Published on 12:00 AM, October 03, 2015

Big banks face suits for alleged US bonds rigging

More than 20 lawsuits have been filed in the United States accusing large banks of rigging the US Treasury bond market in a similar fashion to other recent collusion cases.

Plaintiffs charge that large banks collaborated to depress the price of bonds in the $12.7 trillion US Treasury market when they were offered by the US government and then sold the bonds at a higher price in the secondary market.

The alleged conspiracy by the banks, who are designated by the US Treasury Department as "primary dealers" in bond auctions, lifted the government's cost of issuing bonds by increasing yields.

In a suit filed in August, the Cleveland Bakers and Teamsters Pension Fund and other plaintiffs that bought bonds point to quantitative analysis of bond transactions between 2007 and 2015 in the primary and secondary bond market.

"Instead of competing with each other at arms' length, the Defendants... conspired artificially to drive up the yield of Treasuries (and correspondingly to drive down the prices of those Treasuries)," the complaint said.
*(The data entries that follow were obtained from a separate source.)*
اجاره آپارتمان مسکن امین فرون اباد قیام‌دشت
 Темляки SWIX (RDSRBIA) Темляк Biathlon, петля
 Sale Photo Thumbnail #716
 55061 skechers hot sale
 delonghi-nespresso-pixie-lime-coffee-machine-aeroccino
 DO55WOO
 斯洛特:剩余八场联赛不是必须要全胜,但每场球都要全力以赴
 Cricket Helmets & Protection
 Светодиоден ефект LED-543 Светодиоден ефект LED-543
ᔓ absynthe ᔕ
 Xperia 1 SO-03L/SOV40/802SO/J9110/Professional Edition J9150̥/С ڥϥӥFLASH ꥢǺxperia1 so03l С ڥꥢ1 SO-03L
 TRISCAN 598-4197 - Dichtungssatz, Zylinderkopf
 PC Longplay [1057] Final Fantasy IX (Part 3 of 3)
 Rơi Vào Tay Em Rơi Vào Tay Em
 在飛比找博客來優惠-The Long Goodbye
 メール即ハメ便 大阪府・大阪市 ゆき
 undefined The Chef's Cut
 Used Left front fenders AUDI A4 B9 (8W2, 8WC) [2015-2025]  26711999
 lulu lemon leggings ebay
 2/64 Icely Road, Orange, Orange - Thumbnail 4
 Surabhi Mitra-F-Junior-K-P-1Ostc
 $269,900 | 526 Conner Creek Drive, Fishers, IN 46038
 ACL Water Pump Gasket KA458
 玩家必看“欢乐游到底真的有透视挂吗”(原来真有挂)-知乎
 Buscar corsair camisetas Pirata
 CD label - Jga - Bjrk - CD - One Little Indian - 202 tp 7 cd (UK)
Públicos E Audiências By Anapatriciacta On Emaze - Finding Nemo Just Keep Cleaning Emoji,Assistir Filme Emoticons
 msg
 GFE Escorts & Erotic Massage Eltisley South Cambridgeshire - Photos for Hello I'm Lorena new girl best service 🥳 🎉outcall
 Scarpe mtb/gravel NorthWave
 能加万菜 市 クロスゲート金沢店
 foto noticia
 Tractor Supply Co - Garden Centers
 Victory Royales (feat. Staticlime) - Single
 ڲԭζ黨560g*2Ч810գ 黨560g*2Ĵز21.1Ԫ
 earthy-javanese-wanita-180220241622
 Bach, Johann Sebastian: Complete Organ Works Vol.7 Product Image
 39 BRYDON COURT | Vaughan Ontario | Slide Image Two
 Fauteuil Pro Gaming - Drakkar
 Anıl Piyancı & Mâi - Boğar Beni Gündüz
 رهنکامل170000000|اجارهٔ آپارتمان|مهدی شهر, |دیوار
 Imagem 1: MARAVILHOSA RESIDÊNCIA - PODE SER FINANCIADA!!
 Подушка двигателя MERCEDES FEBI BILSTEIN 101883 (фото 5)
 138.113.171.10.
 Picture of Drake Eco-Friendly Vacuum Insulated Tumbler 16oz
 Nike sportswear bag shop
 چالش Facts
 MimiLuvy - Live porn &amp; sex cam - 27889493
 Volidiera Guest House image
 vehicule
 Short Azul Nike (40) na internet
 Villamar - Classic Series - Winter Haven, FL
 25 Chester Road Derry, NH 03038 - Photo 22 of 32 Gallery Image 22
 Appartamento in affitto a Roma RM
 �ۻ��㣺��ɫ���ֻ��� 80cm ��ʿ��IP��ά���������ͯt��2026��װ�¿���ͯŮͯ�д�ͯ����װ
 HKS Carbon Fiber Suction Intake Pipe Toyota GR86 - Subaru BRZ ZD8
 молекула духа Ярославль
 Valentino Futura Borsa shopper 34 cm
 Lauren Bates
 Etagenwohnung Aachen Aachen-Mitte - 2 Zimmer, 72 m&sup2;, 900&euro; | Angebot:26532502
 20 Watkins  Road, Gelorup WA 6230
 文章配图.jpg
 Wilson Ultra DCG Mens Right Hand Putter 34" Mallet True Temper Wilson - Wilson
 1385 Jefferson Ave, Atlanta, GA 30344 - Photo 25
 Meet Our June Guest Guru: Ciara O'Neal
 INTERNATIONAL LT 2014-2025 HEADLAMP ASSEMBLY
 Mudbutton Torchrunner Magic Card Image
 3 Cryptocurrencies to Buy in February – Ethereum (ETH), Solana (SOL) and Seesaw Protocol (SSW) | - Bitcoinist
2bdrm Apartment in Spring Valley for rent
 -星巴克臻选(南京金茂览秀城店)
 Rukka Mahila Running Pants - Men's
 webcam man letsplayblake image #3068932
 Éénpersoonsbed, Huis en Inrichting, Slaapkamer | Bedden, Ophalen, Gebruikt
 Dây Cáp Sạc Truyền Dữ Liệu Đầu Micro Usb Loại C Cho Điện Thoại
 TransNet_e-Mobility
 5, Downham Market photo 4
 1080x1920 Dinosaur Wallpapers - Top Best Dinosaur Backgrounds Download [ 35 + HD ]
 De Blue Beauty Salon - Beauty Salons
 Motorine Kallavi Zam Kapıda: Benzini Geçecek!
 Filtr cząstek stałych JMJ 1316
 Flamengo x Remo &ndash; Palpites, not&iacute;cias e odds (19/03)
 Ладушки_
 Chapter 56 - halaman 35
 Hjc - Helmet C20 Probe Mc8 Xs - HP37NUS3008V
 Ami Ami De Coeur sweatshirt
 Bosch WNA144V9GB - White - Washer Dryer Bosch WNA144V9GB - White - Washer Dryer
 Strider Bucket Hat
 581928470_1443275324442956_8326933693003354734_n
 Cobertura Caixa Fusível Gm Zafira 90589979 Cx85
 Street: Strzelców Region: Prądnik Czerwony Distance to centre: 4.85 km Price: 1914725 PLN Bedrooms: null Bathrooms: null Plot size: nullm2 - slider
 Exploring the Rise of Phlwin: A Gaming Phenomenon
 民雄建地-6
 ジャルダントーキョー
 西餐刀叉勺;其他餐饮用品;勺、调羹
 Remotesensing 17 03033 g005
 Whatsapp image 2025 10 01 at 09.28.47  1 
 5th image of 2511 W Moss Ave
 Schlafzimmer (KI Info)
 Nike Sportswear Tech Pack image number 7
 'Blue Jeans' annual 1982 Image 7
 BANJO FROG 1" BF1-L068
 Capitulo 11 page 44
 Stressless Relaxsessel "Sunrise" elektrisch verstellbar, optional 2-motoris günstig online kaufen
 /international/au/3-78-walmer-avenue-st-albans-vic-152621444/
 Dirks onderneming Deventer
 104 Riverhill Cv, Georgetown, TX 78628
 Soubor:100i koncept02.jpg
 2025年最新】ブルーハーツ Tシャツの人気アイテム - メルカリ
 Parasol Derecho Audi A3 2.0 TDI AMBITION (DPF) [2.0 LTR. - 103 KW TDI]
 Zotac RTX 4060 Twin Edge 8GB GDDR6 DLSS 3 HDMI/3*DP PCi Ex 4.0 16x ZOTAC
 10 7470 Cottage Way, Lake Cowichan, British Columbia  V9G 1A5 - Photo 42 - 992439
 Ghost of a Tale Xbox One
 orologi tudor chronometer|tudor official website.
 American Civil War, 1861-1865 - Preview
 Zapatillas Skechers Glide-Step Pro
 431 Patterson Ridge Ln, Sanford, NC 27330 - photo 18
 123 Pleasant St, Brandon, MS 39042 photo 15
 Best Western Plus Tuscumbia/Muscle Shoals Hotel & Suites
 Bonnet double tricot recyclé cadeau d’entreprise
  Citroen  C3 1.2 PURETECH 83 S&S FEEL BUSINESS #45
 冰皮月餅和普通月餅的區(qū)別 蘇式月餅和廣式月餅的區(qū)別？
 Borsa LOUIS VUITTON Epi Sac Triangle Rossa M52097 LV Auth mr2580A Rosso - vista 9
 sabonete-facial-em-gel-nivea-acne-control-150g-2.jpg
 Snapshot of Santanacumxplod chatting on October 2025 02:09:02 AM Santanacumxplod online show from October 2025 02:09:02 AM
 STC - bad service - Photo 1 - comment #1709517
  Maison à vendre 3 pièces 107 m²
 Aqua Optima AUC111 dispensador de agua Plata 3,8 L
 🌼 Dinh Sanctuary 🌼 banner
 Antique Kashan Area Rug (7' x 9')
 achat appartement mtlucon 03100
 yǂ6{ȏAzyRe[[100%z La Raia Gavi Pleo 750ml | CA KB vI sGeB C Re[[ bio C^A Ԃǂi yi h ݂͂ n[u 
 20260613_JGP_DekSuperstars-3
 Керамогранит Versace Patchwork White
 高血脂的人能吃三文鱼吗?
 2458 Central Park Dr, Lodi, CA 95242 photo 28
"Defendants then turned around and sold the Treasuries at higher prices (and correspondingly lower yields) in the secondary market, reaping substantial profits."

The data showed yields in the primary market were "inflated" in 69 percent of auctions, according to the complaint.

"This repeated bias cannot be explained as a result of random chance; instead the only plausible explanation is that Defendants coordinated artificially."